Cooper et al (2007) studied avoidance, anxiety, and reconciliation in macaques (monkeys) after a conflict. They found that female-female opponents showed greater anxiety after a conflict, and were more likely to reconcile, than female-male or male-male opponents, suggesting that "post-conflict anxiety promotes reconciliation."
Language may play a large role in conflict/reconciliation.
Horowitz et al (2005) found that boys with language impairments were less able to reconcile conflicts than boys with typical language development. The physical sensations of conflict may also be different for those who have trouble resolving conflicts;
Lawler et al (2003) found that conflict resolution/forgiveness correlated with blood pressure and heart rate. Since men and women tend to have different blood pressures and heart rates on average, one might suspect that this would relate to their reconciliatory/forgiveness capacities. However, Lawler did not find this to be the case. Lawler did report that women were more forgiving of a parent than of a friend or partner, while men tended to be equally forgiving in both situations.
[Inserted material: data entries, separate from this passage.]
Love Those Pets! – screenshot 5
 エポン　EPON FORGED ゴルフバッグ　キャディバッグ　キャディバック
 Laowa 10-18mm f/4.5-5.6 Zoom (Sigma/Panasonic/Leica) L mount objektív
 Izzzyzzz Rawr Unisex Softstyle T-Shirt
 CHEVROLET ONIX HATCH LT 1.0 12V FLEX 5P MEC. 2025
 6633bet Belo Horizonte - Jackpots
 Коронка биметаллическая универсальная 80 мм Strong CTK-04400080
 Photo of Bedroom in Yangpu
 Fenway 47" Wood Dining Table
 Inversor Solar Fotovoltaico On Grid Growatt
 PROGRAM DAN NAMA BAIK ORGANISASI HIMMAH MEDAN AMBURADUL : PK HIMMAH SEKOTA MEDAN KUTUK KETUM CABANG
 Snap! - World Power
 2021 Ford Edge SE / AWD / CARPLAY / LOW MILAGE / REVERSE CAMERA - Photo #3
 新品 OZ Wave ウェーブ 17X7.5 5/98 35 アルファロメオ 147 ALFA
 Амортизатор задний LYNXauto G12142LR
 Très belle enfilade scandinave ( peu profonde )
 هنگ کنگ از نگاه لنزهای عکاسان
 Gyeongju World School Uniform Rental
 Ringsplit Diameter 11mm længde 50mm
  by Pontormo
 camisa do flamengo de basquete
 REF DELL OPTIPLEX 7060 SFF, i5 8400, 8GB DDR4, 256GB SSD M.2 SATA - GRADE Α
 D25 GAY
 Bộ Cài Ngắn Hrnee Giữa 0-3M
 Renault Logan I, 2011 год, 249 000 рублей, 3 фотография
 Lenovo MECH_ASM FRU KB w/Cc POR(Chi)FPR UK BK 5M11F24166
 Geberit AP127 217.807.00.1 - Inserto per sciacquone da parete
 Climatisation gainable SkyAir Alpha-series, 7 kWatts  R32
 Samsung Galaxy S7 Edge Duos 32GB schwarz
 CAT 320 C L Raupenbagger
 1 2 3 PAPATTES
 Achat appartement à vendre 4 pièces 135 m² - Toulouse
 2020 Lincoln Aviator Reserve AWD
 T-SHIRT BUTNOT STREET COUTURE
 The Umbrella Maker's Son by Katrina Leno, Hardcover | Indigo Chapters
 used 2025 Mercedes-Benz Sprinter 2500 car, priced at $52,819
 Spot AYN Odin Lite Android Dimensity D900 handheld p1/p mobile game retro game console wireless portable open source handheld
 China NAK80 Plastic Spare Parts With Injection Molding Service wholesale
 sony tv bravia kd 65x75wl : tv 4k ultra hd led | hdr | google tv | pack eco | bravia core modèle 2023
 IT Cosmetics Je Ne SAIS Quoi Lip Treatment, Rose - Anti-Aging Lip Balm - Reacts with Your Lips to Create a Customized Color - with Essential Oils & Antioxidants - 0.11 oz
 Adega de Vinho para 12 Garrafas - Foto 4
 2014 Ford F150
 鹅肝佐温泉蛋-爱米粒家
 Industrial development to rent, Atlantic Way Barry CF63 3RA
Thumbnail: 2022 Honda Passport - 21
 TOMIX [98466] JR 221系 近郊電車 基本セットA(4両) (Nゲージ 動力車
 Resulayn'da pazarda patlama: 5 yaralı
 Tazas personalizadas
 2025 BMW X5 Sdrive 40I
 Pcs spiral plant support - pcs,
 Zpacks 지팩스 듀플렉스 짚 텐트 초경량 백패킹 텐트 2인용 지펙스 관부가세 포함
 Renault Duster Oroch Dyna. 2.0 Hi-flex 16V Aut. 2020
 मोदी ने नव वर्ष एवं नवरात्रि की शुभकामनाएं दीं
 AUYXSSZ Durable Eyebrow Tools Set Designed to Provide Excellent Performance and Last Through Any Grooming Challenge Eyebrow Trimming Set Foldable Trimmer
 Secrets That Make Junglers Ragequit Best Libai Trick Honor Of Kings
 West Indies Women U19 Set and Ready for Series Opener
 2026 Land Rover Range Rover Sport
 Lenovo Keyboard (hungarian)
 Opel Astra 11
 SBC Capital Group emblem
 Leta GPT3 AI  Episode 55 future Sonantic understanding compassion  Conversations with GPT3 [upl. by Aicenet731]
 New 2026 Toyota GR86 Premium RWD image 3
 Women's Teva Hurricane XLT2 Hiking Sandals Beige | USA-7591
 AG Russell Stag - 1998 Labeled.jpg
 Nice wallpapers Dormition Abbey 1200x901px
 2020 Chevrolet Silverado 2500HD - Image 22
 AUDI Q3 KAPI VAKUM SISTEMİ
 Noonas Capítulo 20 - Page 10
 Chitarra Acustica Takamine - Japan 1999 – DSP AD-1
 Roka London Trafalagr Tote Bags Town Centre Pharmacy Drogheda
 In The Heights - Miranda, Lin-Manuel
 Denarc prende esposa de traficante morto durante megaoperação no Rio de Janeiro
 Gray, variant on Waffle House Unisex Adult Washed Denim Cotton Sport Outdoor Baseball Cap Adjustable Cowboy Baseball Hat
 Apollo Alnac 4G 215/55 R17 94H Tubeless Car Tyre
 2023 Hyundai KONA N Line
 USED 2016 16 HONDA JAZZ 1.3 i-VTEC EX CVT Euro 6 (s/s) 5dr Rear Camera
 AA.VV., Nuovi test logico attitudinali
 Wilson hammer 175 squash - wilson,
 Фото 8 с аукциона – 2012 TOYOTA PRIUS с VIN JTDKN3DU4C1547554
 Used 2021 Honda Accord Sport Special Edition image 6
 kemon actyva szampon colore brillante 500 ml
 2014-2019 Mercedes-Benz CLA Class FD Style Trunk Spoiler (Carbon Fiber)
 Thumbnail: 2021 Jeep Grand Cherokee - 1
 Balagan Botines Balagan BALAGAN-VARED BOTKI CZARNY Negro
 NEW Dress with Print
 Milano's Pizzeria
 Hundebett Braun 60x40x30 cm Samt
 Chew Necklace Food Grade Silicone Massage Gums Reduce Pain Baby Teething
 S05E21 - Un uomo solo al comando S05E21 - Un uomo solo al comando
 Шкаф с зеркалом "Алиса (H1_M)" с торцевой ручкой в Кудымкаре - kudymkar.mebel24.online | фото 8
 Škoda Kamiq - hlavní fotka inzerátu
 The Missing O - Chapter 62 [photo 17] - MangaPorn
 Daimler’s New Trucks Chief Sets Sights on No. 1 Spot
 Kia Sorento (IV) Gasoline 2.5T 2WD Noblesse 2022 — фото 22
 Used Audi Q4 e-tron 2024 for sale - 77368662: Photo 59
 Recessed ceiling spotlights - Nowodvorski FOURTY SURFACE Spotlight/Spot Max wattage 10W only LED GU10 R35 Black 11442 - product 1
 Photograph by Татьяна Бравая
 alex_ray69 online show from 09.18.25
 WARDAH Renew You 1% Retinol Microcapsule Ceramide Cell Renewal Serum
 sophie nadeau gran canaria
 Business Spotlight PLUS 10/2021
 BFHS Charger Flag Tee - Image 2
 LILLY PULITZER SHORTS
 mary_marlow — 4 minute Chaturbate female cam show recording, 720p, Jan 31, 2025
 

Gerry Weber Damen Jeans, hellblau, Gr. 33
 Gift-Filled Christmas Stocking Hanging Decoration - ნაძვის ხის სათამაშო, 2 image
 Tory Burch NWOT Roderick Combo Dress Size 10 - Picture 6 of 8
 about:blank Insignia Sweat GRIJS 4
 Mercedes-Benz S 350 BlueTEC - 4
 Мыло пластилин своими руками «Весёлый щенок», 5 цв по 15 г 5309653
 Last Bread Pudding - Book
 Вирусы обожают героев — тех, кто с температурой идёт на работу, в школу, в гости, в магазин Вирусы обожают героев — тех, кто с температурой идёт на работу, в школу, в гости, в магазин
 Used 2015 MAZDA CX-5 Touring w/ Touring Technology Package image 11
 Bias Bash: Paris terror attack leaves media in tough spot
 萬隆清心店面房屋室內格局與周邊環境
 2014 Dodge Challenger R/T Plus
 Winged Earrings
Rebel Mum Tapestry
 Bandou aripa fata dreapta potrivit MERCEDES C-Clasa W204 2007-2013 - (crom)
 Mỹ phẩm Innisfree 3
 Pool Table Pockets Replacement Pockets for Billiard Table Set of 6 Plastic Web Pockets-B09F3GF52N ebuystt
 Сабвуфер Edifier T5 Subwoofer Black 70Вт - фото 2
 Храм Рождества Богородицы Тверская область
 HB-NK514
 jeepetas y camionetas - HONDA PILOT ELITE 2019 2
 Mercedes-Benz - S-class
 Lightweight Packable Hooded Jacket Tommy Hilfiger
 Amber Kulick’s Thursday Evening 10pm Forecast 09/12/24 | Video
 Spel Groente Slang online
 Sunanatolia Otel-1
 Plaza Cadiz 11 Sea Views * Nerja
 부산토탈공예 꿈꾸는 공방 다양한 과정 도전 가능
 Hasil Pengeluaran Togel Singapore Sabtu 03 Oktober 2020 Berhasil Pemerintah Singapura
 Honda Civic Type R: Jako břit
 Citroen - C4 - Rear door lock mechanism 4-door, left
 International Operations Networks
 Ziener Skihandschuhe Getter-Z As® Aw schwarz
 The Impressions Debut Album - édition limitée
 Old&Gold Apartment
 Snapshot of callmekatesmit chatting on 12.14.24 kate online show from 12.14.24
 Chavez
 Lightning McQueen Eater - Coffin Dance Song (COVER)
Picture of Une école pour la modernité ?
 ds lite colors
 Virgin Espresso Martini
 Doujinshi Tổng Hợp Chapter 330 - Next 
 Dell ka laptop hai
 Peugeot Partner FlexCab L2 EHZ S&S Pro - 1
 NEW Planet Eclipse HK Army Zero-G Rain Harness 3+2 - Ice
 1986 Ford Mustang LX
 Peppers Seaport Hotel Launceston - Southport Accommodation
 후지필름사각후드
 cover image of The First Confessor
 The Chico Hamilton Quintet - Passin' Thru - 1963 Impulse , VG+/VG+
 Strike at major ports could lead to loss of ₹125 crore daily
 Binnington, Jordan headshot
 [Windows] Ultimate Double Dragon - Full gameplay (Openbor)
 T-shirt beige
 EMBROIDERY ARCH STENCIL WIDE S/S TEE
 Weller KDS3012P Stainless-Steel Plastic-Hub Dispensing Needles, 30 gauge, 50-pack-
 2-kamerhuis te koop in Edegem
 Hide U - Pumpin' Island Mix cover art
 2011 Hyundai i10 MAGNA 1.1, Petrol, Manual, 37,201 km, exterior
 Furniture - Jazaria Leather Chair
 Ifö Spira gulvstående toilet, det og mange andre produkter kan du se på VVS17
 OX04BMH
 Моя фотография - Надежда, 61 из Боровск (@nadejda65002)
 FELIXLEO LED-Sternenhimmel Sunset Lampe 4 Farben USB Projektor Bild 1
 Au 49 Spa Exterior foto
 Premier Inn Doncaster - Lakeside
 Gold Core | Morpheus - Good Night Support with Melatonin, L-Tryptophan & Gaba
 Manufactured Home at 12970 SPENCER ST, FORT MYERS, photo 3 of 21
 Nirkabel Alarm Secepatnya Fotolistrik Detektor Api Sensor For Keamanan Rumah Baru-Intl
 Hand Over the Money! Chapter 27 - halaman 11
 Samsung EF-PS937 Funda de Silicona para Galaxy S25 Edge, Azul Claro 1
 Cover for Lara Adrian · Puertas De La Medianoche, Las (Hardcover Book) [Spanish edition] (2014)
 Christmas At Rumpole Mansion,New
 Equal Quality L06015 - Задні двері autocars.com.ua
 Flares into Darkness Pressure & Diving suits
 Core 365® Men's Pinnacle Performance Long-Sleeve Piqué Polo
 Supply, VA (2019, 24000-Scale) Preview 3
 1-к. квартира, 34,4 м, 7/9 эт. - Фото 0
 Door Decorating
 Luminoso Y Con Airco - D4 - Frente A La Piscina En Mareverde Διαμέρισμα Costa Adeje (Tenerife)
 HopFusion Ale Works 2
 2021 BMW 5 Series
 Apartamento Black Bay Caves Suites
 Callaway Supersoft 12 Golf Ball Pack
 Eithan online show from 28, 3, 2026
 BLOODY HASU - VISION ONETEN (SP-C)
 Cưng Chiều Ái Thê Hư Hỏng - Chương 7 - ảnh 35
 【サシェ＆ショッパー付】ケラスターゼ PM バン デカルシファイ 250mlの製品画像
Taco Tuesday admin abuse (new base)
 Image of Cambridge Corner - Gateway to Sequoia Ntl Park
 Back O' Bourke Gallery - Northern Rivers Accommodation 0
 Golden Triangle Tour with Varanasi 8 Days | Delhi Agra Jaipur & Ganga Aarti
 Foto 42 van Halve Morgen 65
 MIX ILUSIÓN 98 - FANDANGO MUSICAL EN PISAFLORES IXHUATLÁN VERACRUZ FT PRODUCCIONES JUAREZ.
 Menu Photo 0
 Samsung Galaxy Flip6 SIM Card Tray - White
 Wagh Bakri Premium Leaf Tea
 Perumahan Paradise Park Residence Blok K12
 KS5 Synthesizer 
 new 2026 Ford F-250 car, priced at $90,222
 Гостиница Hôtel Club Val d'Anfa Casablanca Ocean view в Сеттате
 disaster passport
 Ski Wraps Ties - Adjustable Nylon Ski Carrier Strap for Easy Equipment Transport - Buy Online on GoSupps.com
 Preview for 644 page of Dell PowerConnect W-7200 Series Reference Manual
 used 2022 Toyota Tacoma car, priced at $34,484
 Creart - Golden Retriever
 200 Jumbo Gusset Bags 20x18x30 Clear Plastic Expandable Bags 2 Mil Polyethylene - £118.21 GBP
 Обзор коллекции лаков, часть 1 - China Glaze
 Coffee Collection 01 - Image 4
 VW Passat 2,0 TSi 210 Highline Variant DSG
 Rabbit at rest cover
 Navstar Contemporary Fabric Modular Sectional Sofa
As much as I hate unattributed quotes, I have to share one that my mother uses as a signature line in her emails: "holding a grudge is like drinking poison hoping the other person will die." (
source unknown) That's the way I've always felt about it, and I have a very hard time staying angry with anyone. It might be that I'm too good at seeing both sides of... well, everything. When I sit back to think about it, I realize that I've always associated both grudge-holding and forgiveness as feminine qualities, which baffles me, except inasmuch as they are both "emotional" reactions. Trying to think about the champion grudgeholders I've known, they seem fairly equally divided, genderwise.